They sound fine to me. Though I never tried them in a home multichannel music setup to see how they sound there.


----------



## NealfromNZ

Linn music , has limited playlists but streams in 320kbits in most popular formats if your after streaming sq.


----------



## rxonmymind

Google play(I pay $10 a month) streams in 320kbps. I've been really happy with it. One is able to cherry pick songs on album's and compile a favorite list. There is two ways one cqn do this. One by a simple "thumbs up" vote which then starts to creates a list based on your "likes". Also another list by selecting "add to my library" tab. Pretty cool. So as long as you pay your monthly service you can continue to keep them. One can also obviously buy it. One can also create a radio station tailored to your taste based on a certain song you like.
The flexibility of Google play makes it an easy winner. No songs have ever sounded far away or tiny. A great service that I appreciate for my long commutes.


----------



## val69

Tidal.......with AMAS.


----------



## StevenVA

Spotify premium is pretty good if you select 320kbps “Extreme quality”. 
If that's not good enough then Tidal seems to be the best possibility for now. There are 2 versions. A $10 a month, (Tidal Premium), gets you pretty much the same quality as the other paid sources. If you want better than Spotify, then you must the pricey version, (Tidal Hi-Fi), it will cost you $20 a month. 
Tidal Hi-Fi streams music in the form of 16bit, 44.1kHz FLAC files with a bitrate of 1411kbps. It also streams Apples ALAC. Review linkTidal review | TechRadar
I do not own any Apple products so I didn't spend much time researching the quality of Bluetooth streaming from an Iphone to car stereo. 
However, To stream at those speeds your phone and head unit will have to have a Bluetooth version with AptX.

Key Features of AptX: 
Compression ratio: 4:1
Audio Format: 16-bit, 44.1kHz (CD-Quality)
Data Rates: 352kbps
Frequency Response: 10Hz to 22kHz
Algorithmic Delay: <1.89ms @ Fs 48KHz
Dynamic Range: 16-bit: >92dB
THD+N: -68.8dB

To see if your devices have AptX here is a link. To save some people time, Apple is not on the list.Wireless Headphones and Bluetooth Speakers - aptX® Products
An unlimited data plan will help.


----------



## idelgado782

I've been streaming using spotify for a while now. I am taking advantage of the three month trial of apple music. I think I want to give tidal a shot and see if I notice any differences 


Sent from my iPhone using Tapatalk


----------



## t3sn4f2

Ive switched over to Apple. Simply for the greater library and the guarantee the my library will be there consitantly for years to come. I've gone from rhapsody to mog to beats and i'm not planning on rebuilding it yet again any time soon. Im sick of chasing my tail with these ******** half ass'd streaming services. Plus there's also the headunit integration compatibility benefit that you get with the apple music app, that you dont with any other app.


----------



## damonryoung

I'm pretty content with the 320k on Spotify, but am interested in Tidal's claims and the reviews.

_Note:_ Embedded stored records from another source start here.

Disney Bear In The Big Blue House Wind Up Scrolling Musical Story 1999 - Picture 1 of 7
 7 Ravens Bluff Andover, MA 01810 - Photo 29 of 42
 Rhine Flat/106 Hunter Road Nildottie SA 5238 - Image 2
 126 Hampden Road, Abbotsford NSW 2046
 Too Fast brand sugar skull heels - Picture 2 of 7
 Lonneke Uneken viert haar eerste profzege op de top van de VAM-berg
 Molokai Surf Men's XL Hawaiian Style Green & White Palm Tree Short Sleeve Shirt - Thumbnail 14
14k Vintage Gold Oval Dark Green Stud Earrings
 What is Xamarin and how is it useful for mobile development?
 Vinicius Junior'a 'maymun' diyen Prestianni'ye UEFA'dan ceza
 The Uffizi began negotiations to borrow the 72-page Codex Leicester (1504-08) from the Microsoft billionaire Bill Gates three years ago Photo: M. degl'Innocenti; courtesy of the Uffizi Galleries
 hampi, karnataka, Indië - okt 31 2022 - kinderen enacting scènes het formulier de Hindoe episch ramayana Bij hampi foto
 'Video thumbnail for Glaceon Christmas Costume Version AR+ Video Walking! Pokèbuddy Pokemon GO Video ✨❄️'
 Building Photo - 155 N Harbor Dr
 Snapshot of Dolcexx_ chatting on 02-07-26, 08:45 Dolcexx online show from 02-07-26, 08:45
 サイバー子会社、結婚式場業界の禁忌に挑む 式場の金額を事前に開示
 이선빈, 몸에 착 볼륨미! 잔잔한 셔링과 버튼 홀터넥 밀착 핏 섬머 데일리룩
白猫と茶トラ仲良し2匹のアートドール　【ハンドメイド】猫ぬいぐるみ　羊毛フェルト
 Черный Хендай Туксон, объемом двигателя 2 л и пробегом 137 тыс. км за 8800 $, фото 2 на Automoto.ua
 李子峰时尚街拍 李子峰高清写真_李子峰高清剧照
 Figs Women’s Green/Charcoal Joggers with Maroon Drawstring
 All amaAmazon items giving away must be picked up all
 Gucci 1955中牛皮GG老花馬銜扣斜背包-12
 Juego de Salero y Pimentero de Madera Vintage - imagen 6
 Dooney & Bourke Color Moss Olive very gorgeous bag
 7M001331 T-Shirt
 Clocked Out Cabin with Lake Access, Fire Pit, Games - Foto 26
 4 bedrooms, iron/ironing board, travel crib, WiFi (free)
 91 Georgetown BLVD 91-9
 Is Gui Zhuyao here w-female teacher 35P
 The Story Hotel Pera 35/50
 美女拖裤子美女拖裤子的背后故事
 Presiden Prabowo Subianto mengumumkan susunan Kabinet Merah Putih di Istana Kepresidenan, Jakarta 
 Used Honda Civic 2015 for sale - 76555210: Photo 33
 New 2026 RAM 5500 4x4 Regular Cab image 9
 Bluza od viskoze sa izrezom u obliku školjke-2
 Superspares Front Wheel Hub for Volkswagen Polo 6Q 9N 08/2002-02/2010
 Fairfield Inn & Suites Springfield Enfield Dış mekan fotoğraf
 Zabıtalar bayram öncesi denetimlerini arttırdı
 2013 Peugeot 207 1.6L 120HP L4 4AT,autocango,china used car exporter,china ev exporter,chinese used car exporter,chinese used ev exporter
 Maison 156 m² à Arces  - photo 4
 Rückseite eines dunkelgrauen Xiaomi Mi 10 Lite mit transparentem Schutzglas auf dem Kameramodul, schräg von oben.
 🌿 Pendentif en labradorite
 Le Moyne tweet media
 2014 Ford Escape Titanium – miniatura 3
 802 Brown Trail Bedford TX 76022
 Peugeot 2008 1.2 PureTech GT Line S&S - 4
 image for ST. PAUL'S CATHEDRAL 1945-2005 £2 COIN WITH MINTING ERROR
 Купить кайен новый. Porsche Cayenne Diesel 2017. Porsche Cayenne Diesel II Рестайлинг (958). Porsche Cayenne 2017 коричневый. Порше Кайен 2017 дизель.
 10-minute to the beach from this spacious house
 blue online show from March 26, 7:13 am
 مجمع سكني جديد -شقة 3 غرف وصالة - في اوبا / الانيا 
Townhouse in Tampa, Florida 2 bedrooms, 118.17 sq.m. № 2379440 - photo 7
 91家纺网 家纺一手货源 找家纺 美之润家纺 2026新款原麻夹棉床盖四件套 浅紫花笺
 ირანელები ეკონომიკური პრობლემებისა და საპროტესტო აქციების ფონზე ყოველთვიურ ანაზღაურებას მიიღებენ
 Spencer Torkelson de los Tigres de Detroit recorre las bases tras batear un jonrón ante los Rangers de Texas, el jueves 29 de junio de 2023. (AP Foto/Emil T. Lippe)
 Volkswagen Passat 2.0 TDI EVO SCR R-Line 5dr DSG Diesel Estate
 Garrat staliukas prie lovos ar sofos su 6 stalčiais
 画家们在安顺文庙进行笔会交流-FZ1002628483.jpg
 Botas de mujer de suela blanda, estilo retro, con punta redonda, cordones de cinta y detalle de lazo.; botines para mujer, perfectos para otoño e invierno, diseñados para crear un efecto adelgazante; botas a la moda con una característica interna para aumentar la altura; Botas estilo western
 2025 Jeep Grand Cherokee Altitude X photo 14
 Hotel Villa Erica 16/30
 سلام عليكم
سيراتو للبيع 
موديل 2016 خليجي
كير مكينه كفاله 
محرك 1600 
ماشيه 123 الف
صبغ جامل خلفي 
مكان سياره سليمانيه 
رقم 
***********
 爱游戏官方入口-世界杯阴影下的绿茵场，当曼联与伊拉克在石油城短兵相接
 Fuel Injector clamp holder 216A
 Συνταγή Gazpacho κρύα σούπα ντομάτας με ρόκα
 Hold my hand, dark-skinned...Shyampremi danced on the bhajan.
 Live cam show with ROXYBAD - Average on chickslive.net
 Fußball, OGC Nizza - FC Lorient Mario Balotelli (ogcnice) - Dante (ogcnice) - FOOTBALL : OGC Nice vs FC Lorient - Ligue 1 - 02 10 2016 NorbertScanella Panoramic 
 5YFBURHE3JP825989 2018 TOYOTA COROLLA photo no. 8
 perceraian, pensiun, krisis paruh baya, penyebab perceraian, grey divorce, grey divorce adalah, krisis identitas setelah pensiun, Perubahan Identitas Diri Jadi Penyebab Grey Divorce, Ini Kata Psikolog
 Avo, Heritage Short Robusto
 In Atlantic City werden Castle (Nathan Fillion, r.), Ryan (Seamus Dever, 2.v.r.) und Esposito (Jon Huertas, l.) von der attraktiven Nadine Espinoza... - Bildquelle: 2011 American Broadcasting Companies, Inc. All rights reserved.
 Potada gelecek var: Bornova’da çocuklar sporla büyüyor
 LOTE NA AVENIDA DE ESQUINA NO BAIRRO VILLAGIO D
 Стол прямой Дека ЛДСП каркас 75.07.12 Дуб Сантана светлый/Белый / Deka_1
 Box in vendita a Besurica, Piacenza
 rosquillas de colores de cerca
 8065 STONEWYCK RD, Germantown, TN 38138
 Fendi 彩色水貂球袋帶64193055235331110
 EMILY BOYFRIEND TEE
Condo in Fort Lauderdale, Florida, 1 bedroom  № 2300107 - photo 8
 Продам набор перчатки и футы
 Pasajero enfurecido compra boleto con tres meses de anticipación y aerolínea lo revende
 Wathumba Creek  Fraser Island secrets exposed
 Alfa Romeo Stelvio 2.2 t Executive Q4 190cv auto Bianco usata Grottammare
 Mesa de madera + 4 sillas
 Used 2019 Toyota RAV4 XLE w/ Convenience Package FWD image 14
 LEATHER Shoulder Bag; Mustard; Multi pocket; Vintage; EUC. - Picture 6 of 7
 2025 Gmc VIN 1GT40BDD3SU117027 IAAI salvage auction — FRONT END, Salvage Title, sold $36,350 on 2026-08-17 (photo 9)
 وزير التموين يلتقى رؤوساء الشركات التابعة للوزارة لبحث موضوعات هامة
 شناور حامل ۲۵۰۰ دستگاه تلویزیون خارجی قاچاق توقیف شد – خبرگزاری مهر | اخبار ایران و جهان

Has anyone tried Tidal Hi-Fi out for themselves?


----------



## papasin

DRTHJTA said:


> I'm pretty content with the 320k on Spotify, but am interested in Tidal's claims and the reviews.
> 
> Has anyone tried Tidal Hi-Fi out for themselves?


Yep. MrsPapasin and BigRed.


----------



## Lord Raven

Tidal


----------



## ugnlol

I'm currently using spotify premium, with a dedicated iphone 4 32gb that I have synced a lot of playlists. Connected to a pioneer p99rs, using the DAC in the player.

It works ok, but can for sure notice the higher quality with CD's - So I am going to try Tidal and google music!


----------



## ugnlol

Is it possible to 'copy' playlists from spotify to google music or tidal?


----------



## DDFusionV2

No it's not


----------



## ugnlol

Bah, that sucks big time. Since spotify is the 'standard' in playlists atm :/


----------



## ugnlol

Found this one: https://freeyourmusic.com/

If you want to test out a new streaming service, this site can convert your playlist fram X to Y (for very many services).
Not tried it yet, but are going to when I have some spare time to test out google music 

EDIT: Ok. The free version s**ks big time, if I read their pricing right.. can only convert one playlist with 10 songs? Oh well. Then it's possible at least..


----------



## Jscoyne2

How does tidal work exactly? How do you get lossless through 3/4g?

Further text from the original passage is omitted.